[Opening MATERIAL SHOWN section]

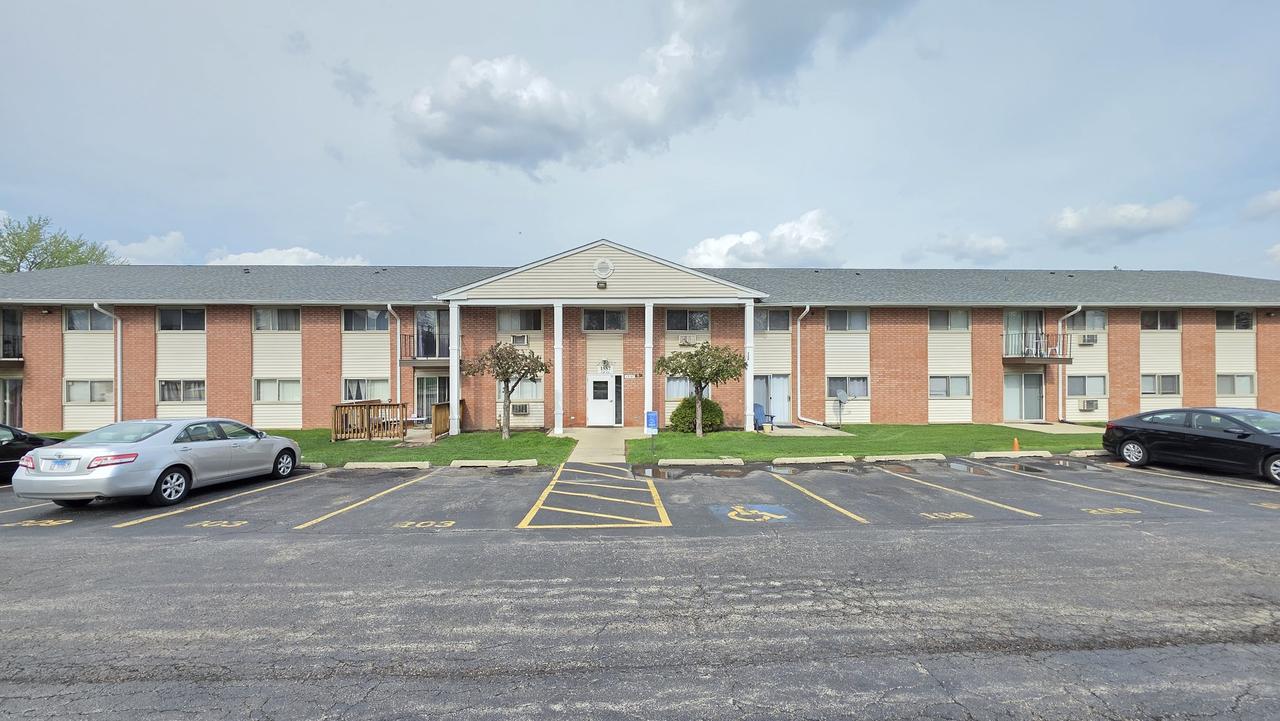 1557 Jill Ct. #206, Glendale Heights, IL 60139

[Closing MATERIAL SHOWN section]
[Opening MATERIAL SHOWN section]

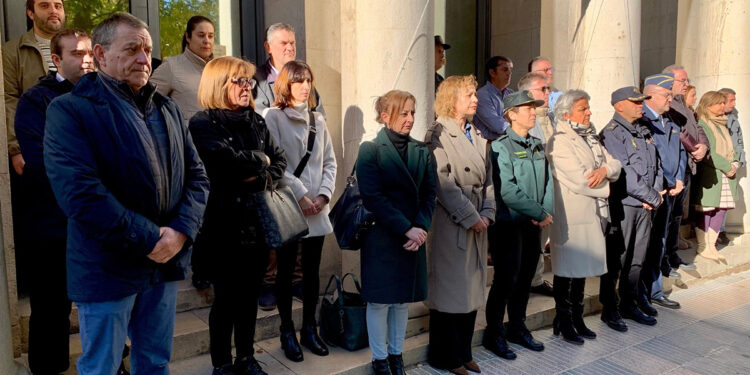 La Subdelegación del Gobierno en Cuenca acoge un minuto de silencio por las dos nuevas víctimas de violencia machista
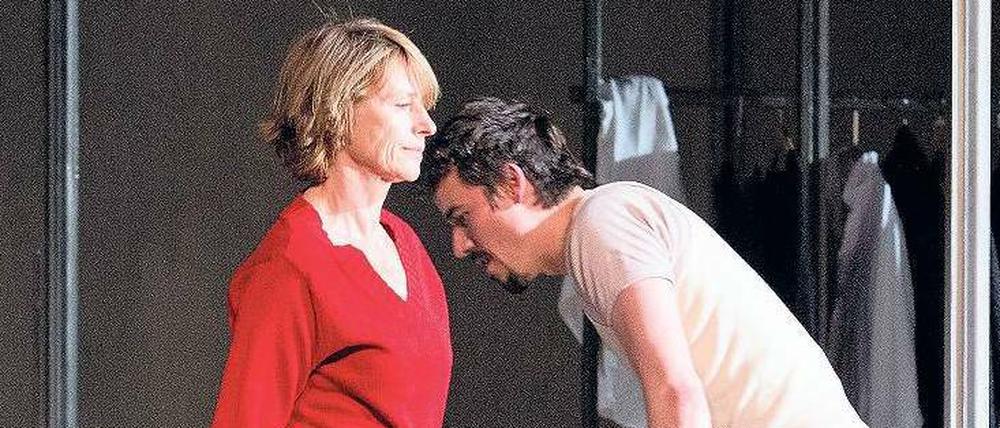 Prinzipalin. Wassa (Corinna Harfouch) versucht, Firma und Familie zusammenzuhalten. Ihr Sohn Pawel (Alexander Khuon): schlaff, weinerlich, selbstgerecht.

[Closing MATERIAL SHOWN section]

**TASK**
Leave out the images and write out the lines above exactly, from the one with "La Subdelegación del" up to and including the one with "Prinzipalin. Wassa (Corinna".

**RESPONSE TO THE TASK**
 La Subdelegación del Gobierno en Cuenca acoge un minuto de silencio por las dos nuevas víctimas de violencia machista
 Prinzipalin. Wassa (Corinna Harfouch) versucht, Firma und Familie zusammenzuhalten. Ihr Sohn Pawel (Alexander Khuon): schlaff, weinerlich, selbstgerecht.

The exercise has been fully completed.